START DATA RECORDS
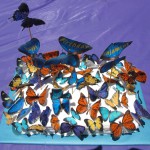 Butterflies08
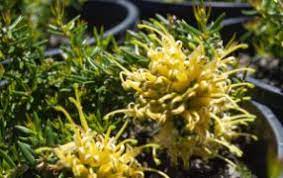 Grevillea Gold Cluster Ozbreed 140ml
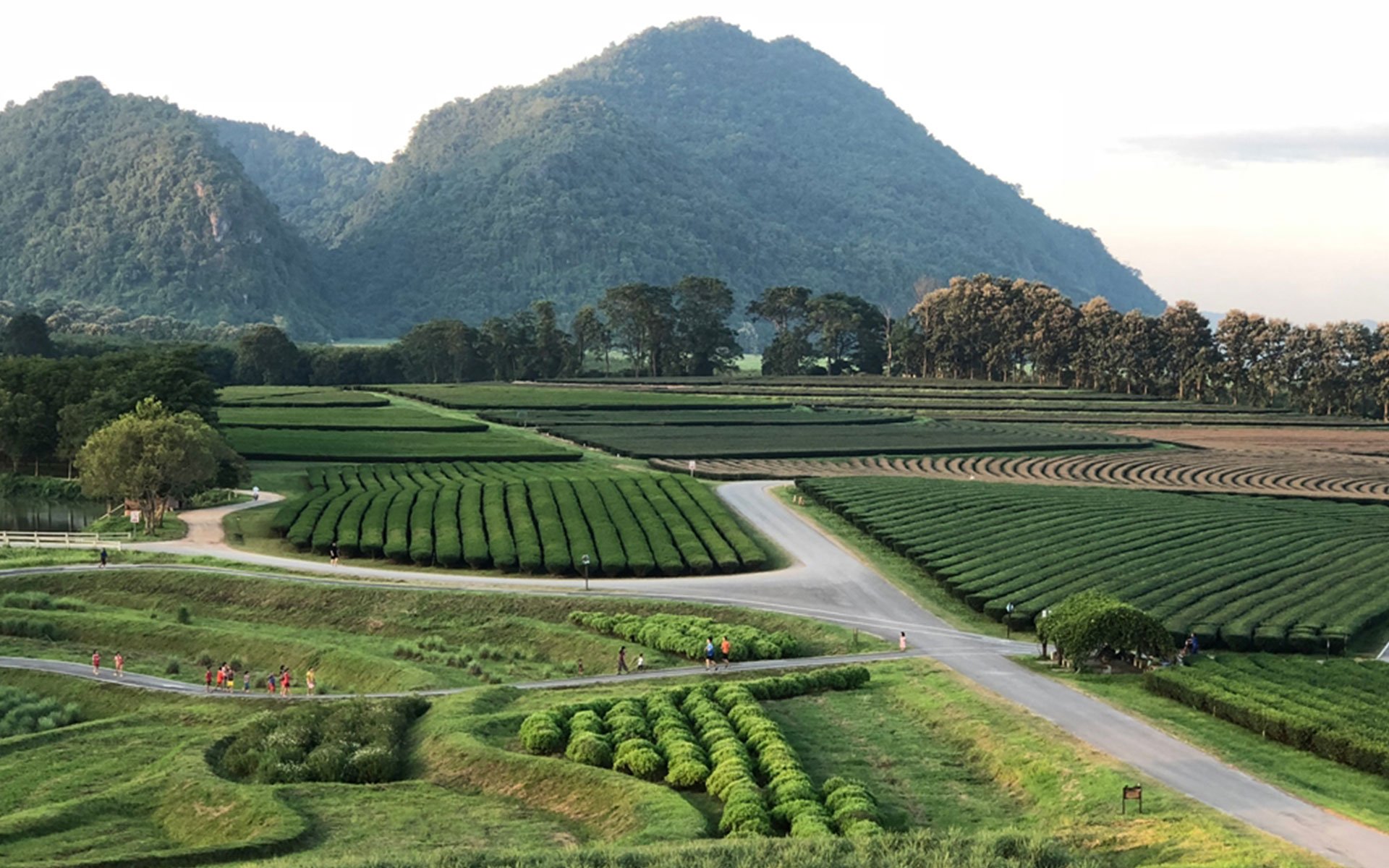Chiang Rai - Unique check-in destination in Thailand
END DATA RECORDS
START DATA RECORDS
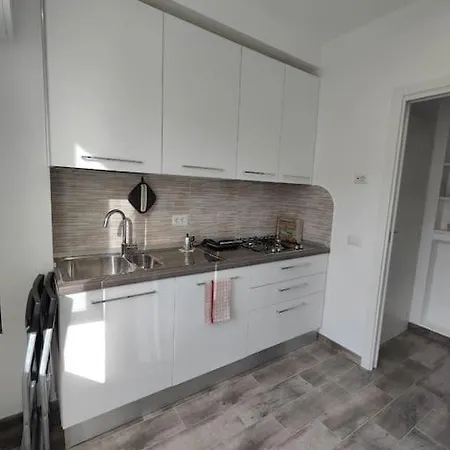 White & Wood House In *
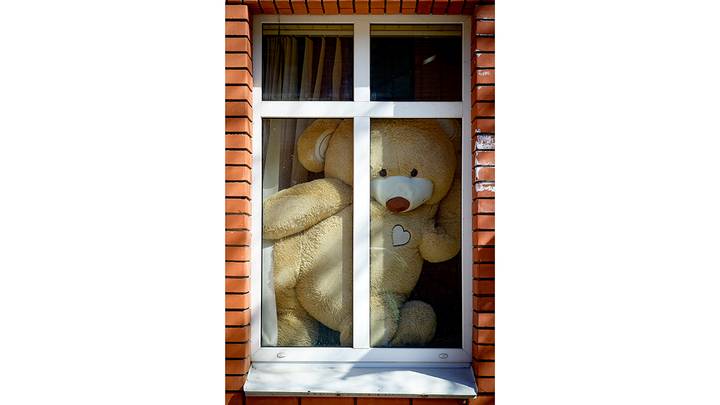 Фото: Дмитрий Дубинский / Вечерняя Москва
END DATA RECORDS
** ABOUT THIS EXERCISE **
Look above for the line containing "White & Wood House In *", then copy exactly from it through the line containing "Фото: Дмитрий Дубинский / Вечерняя Москва", keeping both and leaving out pictures. Add nothing else.

** EXERCISE ANSWER **
 White & Wood House In *
 Фото: Дмитрий Дубинский / Вечерняя Москва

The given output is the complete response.